Repeat only the lines below from the one containing "Top view of" through the one containing "A modern log", inclusive, exactly as written.

[Opening Data for review section]

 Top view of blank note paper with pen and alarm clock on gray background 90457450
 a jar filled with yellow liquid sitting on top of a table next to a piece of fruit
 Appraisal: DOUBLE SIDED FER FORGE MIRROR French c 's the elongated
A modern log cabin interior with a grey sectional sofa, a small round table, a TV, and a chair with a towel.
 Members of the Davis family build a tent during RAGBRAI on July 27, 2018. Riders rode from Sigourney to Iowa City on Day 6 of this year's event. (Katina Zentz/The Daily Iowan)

[Closing Data for review section]
[Opening Data for review section]

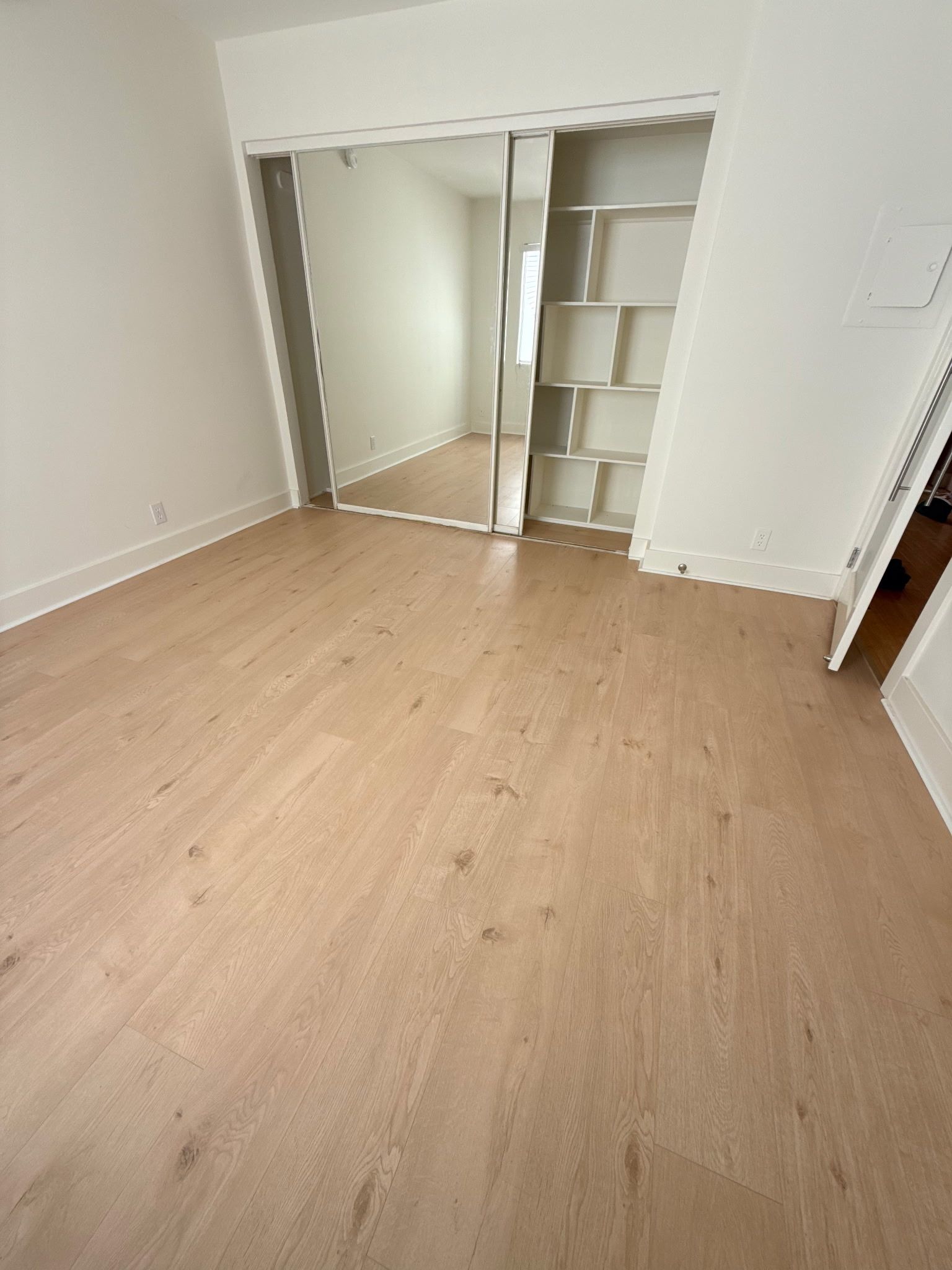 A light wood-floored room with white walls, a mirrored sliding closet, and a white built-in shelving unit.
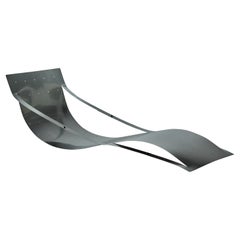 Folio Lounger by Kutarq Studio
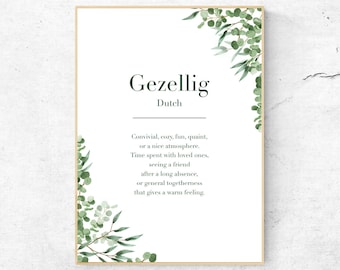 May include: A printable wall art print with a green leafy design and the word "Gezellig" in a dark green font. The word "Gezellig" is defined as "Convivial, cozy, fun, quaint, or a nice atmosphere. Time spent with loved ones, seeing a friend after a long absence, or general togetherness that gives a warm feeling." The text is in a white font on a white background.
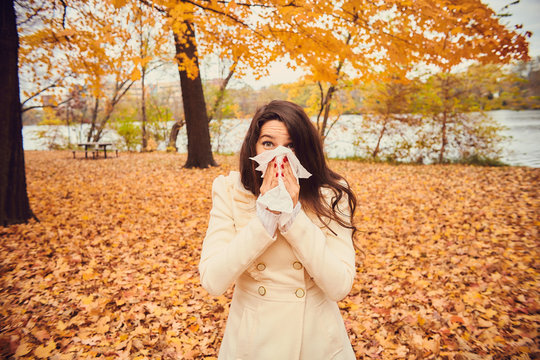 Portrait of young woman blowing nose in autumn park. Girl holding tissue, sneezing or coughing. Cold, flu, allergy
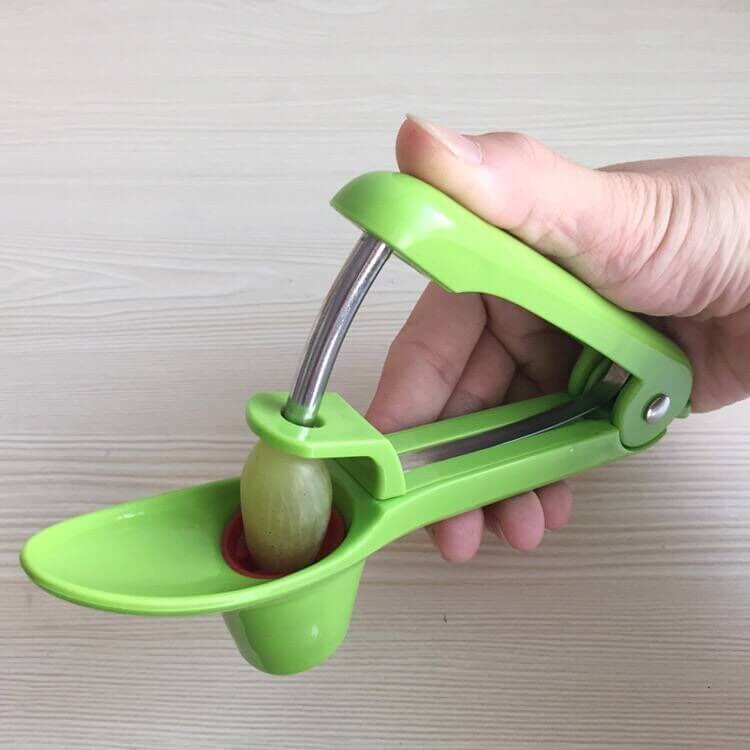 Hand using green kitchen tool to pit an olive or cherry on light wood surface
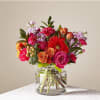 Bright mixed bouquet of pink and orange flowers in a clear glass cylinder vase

[Closing Data for review section]
[Opening Data for review section]

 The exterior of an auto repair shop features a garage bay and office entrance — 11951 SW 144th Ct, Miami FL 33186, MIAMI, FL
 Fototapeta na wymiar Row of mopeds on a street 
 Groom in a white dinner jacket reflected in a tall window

[Closing Data for review section]

● Task output:
 Top view of blank note paper with pen and alarm clock on gray background 90457450
 a jar filled with yellow liquid sitting on top of a table next to a piece of fruit
 Appraisal: DOUBLE SIDED FER FORGE MIRROR French c 's the elongated
A modern log cabin interior with a grey sectional sofa, a small round table, a TV, and a chair with a towel.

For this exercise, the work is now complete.